You can use something like this. Notice that there's placeholders for this template. The first is the context that we're going to pass in.

So that's going to be the pieces of information that we got from the database. And then the second is the actual query itself. Next, here's the code to actually use that data to create the actual prompt by formatting the template with our keys.

So after running this, you should have a single piece of string. It's going to be quite a long string, but it's going to be the entire prompt with all the chunks of information and the query that you asked at the beginning. After running that piece of code, you should get a prompt that looks something like this.

So you're going to have this initial prompt, which is to answer the question based on the following context. And then we're going to have our three pieces of information. And this can be as big or as little as we want it to be, but here this is what we've chosen.

And then the question that we originally asked. So here's our query. How does Alice meet the Mad Hatter?

So this is the overall prompt that we're about to send to OpenAI. This is actually the easy part. So simply just call the LLM model of your choice with that prompt.

So here I'm using chatOpenAI, and then you'll have your response. Finally, if you want to provide references back to your source material, you can also find that in the metadata of each of those document chunks. So here's the code on how you can extract that out and print it out as well.

And going back to our code editor, this is what my script looks like with all of those pieces put together. So I've got my prompt template here. I've got my main argument here, which takes the query, searches the database for the relevant chunks, creates the prompt, and then uses the LLM to answer the question.

And then here I'm collecting all the sources that were used to answer the prompt and print out the entire response. Let's go ahead and run that. And here's the result of running that script.

So again, we see the entire prompt here, and this is the final response. The response is Alice meets the Mad Hatter by walking in the direction where the March Hare was set to live. And obviously it took this from the first piece of the context.

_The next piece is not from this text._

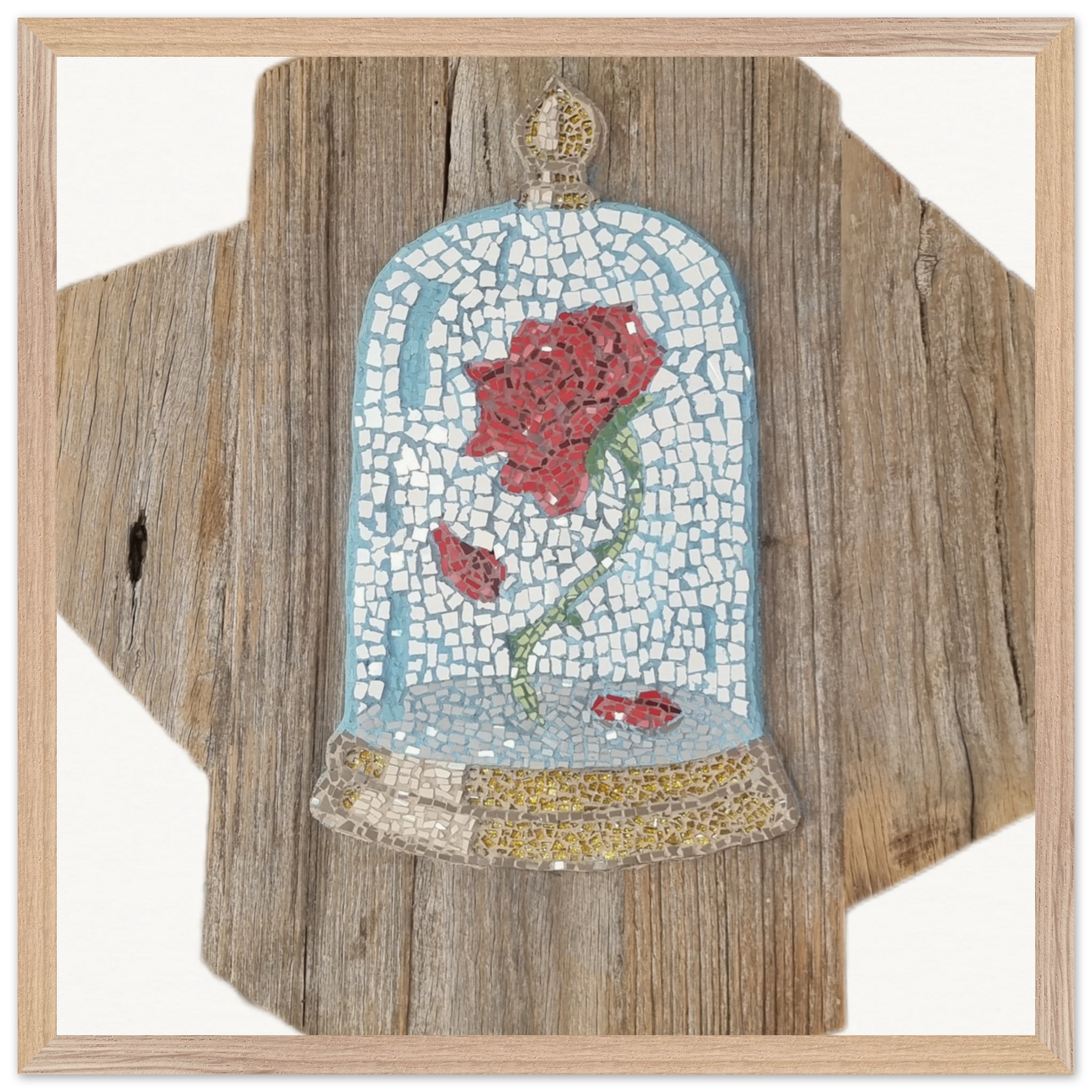 19889143-2419-42b1-a7e0-4a05272fb259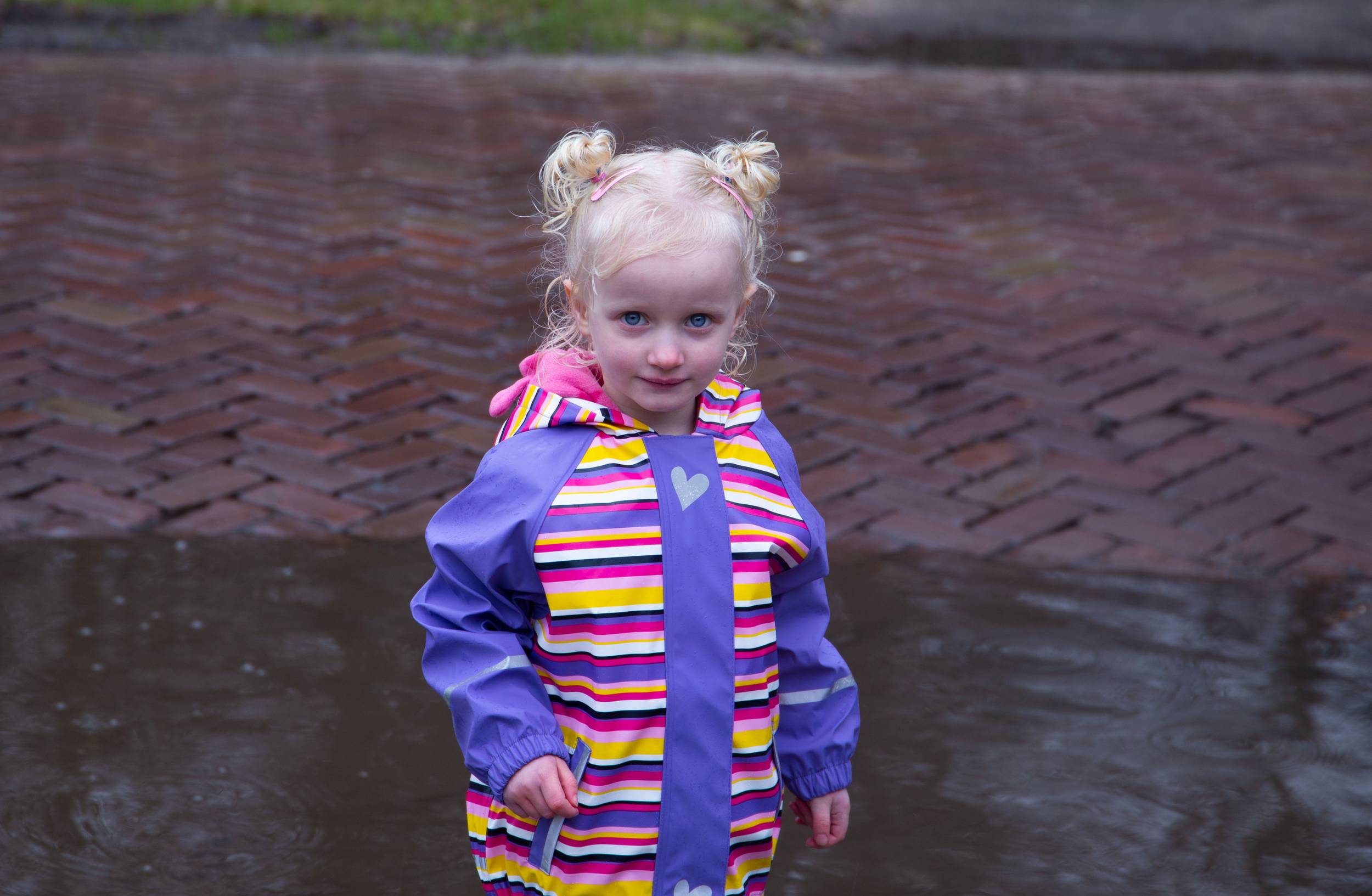 Happix-fotograaf-Joan--Rotterdam-Kinderfotografie-013_zWq4cU0_V.jpg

And here we also have a list of the source references that it got it from. This is pretty much pointing to the same file because I only made it print out the actual file itself and not the index. But this is pretty good already because you can see how it's using our query to search for pieces of information from our source material and then answer based on that information.

Now let me switch up my data source and show you a different example just so you can see what else you can do with something like this. I switched my database to one I prepared earlier, which uses the AWS Lambda documentation as a source. And here the query I'm going to ask it is what languages or runtimes does AWS Lambda support?

So after I ran this, you can see that the chunks I use here are much bigger than in the previous example, but it still managed to find three relevant chunks of my information and it's published a response that summarizes that information. So here it says AWS Lambda supports Java, C#, Python, and etc. You can read the rest here.

But this is more interesting because unlike in the first example, the sources were actually from different files. So you can see here that each of the source is its own file. So this is useful as well.

If you have data source that spread out across a lot of different files and you want to see how to reference the source. So we just covered how you can use the line chain and OpenAI to create a retrieval augmented generation app. I'll post a link to the GitHub code in the video description and I encourage you to try this out for yourself and with your own data set.

If you want to see more tutorials like this, then please let me know what type of topics you'd be interested to see next. Otherwise, I hope you found this useful and thank you for watching.